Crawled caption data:
^^^^^^^^^^^^^^^^

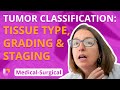 Tumor Classification: Tissue Type, Grading, Staging - Med-Surg (2020 Update) Immune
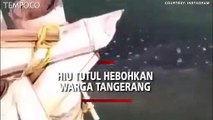 Video Viral, Ini Penampakan Hiu Tutul yang Ditemukan Pemancing di Tangerang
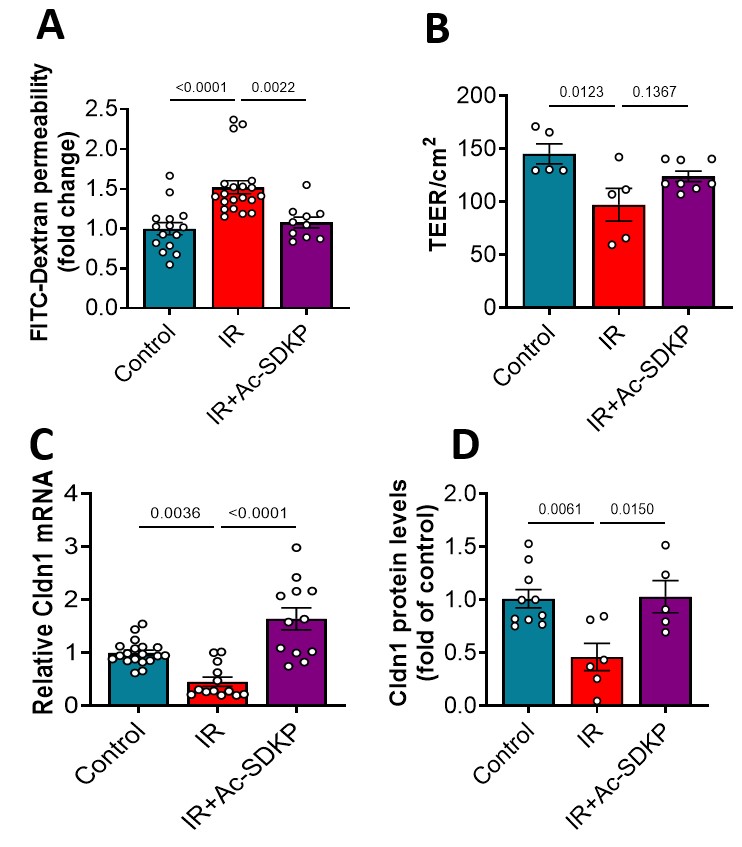 Effects of radiation and Ac-SDKP on coronary vascular endothelial cell (HMVEC) Cldn1 expression, vascular permeability, and endothelial barrier integrity. Radiation exposure (9 Gy) increased endothelial permeability, as measured by the FITC-dextran assay (A), and impaired endothelial barrier functio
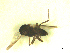  ( - BIOUG02451-A05)  @11 [ ] CreativeCommons - Attribution (2012) CBG Photography Group Centre for Biodiversity Genomics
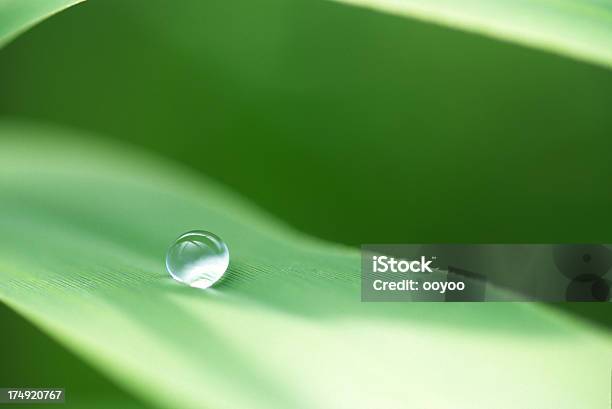 De Agua Drop Foto de stock y más banco de imágenes de Agua - Agua, Gota - Líquido, Hoja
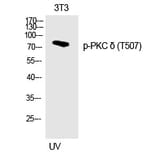 Western blot - PKC δ (Phospho-Thr507) Polyclonal Antibody from Signalway Antibody (12218) - Antibodies.com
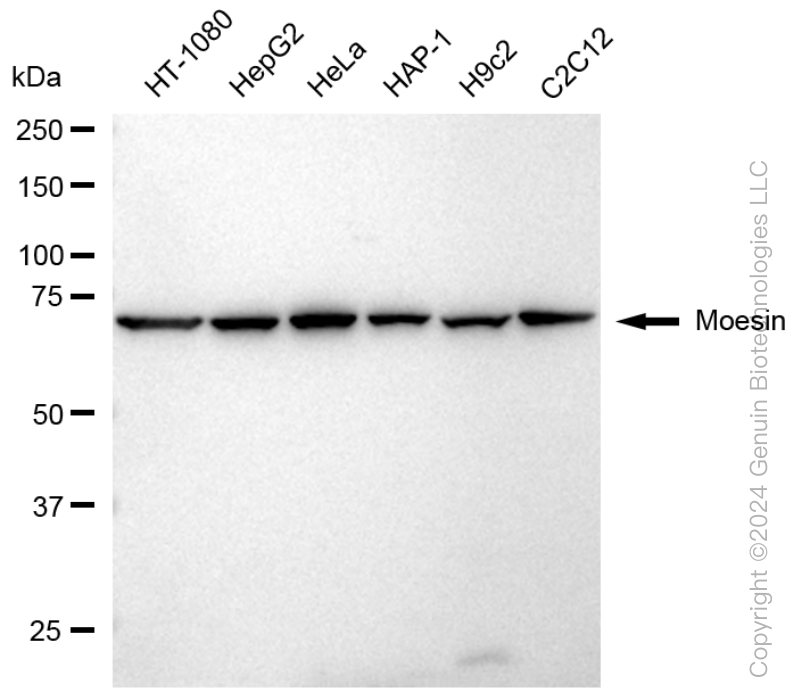 KD-Validated Anti-Moesin Rabbit Monoclonal Antibody ABG1594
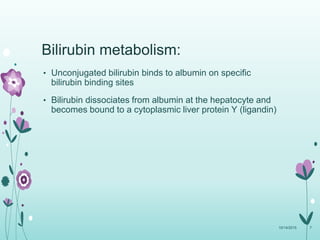 Bilirubin metabolism:
• Unconjugated bilirubin binds to albumin on specific
bilirubin binding sites
• Bilirubin dissociates from albumin at the hepatocyte and
becomes bound to a cytoplasmic liver protein Y (ligandin)
10/14/2015 7
 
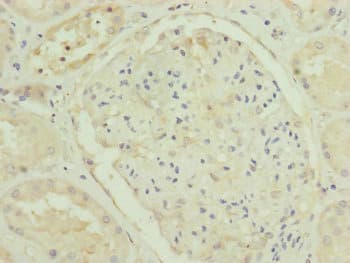 TRIM31 / RNF Antibody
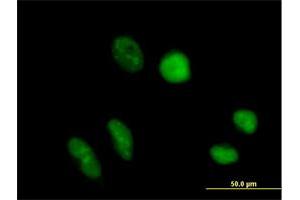 Immunofluorescence of purified MaxPab antibody to TRUB1 on HeLa cell. (TRUB1 anticorps  (AA 1-349))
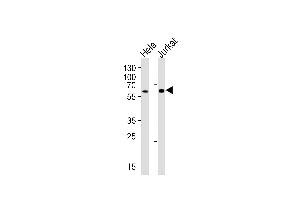 Western blot analysis of lysates from HeLa, Jurkat cell line (from left to right), using HPSE2 Antibody at 1:1000 at each lane. (Heparanase 2 Antikörper  (C-Term))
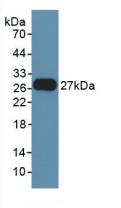 FGF21 Antibody - Western Blot; Sample: Recombinant FGF21, Rat.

^^^^^^^^^^^^^^^^

Problem to work on: The answer is the run of lines from the one with "De Agua Drop" through the final line of the data, copied exactly, and nothing else; no pictures.

Answer to this exercise:
 De Agua Drop Foto de stock y más banco de imágenes de Agua - Agua, Gota - Líquido, Hoja
 Western blot - PKC δ (Phospho-Thr507) Polyclonal Antibody from Signalway Antibody (12218) - Antibodies.com
 KD-Validated Anti-Moesin Rabbit Monoclonal Antibody ABG1594
 Bilirubin metabolism:
• Unconjugated bilirubin binds to albumin on specific
bilirubin binding sites
• Bilirubin dissociates from albumin at the hepatocyte and
becomes bound to a cytoplasmic liver protein Y (ligandin)
10/14/2015 7
 
 TRIM31 / RNF Antibody
 Immunofluorescence of purified MaxPab antibody to TRUB1 on HeLa cell. (TRUB1 anticorps  (AA 1-349))
 Western blot analysis of lysates from HeLa, Jurkat cell line (from left to right), using HPSE2 Antibody at 1:1000 at each lane. (Heparanase 2 Antikörper  (C-Term))
 FGF21 Antibody - Western Blot; Sample: Recombinant FGF21, Rat.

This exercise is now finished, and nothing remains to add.